FlexiMo: A Flexible Remote Sensing Foundation Model
- URL: http://arxiv.org/abs/2503.23844v1
- Date: Mon, 31 Mar 2025 08:46:05 GMT
- Title: FlexiMo: A Flexible Remote Sensing Foundation Model
- Authors: Xuyang Li, Chenyu Li, Pedram Ghamisi, Danfeng Hong,
- Abstract summary: FlexiMo is a flexible remote sensing foundation model that endows the pre-trained model with the flexibility to adapt to arbitrary spatial resolutions.<n>Central to FlexiMo is a spatial resolution-aware module that employs a parameter-free alignment embedding mechanism.<n>Experiments on diverse multimodal, multi-resolution, and multi-scale datasets demonstrate that FlexiMo significantly enhances model generalization and robustness.

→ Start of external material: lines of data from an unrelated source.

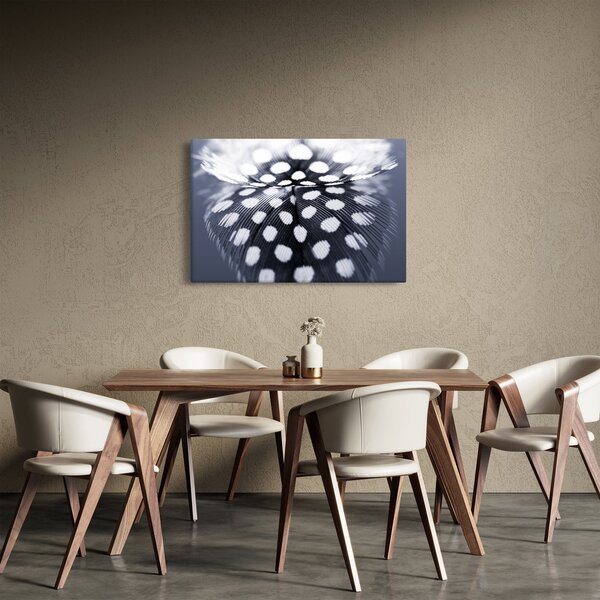Kép - Toll (90x60 cm)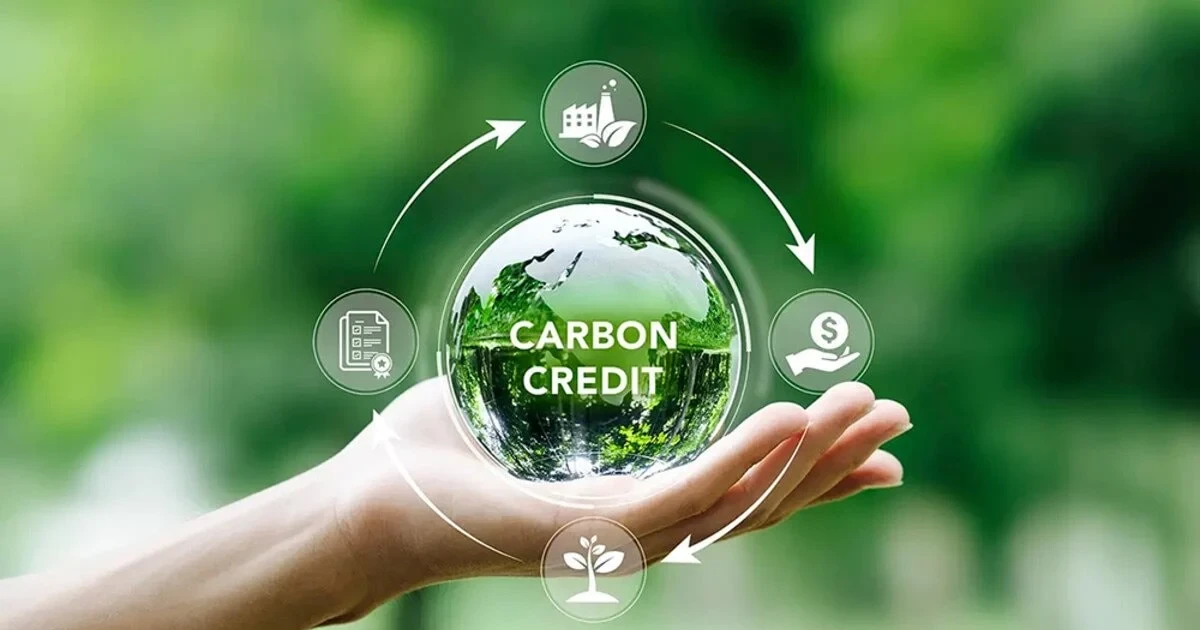 Sàn giao dịch carbon Việt Nam hoạt động thế nào?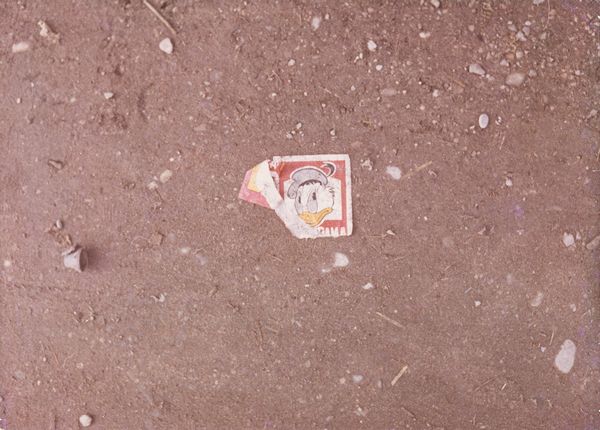 Luigi Ghirri : Modena, dalla serie Kodachrome  - Asta Fotografia - Associazione Nazionale - Case d'Asta italiane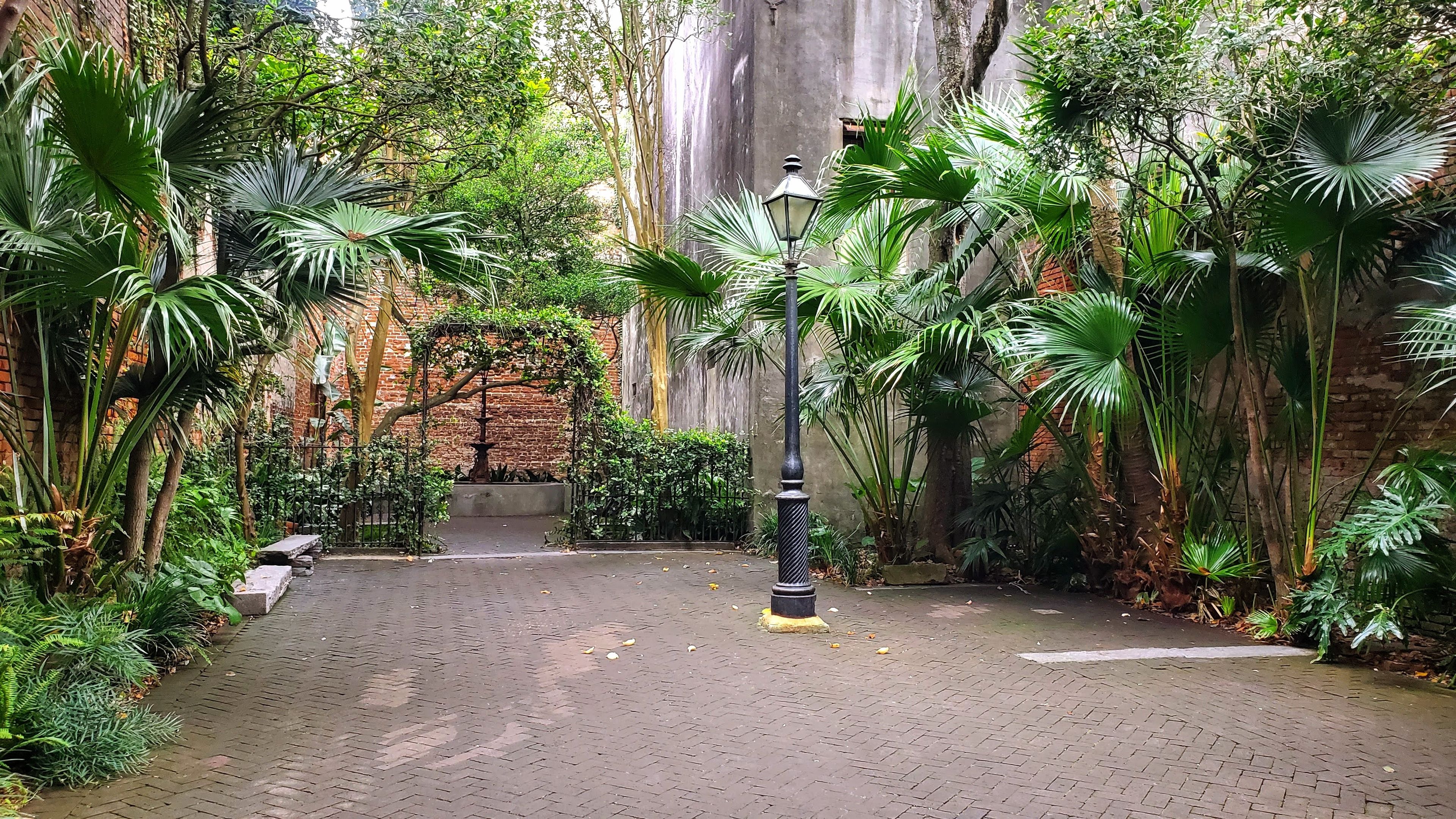 Cover photo of New Orleans Pharmacy Museum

- Score: 33.027094254412056
- License: http://arxiv.org/licenses/nonexclusive-distrib/1.0/
- Abstract: The rapid expansion of multi-source satellite imagery drives innovation in Earth observation, opening unprecedented opportunities for Remote Sensing Foundation Models to harness diverse data. However, many existing models remain constrained by fixed spatial resolutions and patch sizes, limiting their ability to fully exploit the heterogeneous spatial characteristics inherent in satellite imagery. To address these challenges, we propose FlexiMo, a flexible remote sensing foundation model that endows the pre-trained model with the flexibility to adapt to arbitrary spatial resolutions. Central to FlexiMo is a spatial resolution-aware module that employs a parameter-free alignment embedding mechanism to dynamically recalibrate patch embeddings based on the input image's resolution and dimensions. This design not only preserves critical token characteristics and ensures multi-scale feature fidelity but also enables efficient feature extraction without requiring modifications to the underlying network architecture. In addition, FlexiMo incorporates a lightweight channel adaptation module that leverages prior spectral information from sensors. This mechanism allows the model to process images with varying numbers of channels while maintaining the data's intrinsic physical properties. Extensive experiments on diverse multimodal, multi-resolution, and multi-scale datasets demonstrate that FlexiMo significantly enhances model generalization and robustness. In particular, our method achieves outstanding performance across a range of downstream tasks, including scene classification, land cover classification, urban building segmentation, and cloud detection. By enabling parameter-efficient and physically consistent adaptation, FlexiMo paves the way for more adaptable and effective foundation models in real-world remote sensing applications.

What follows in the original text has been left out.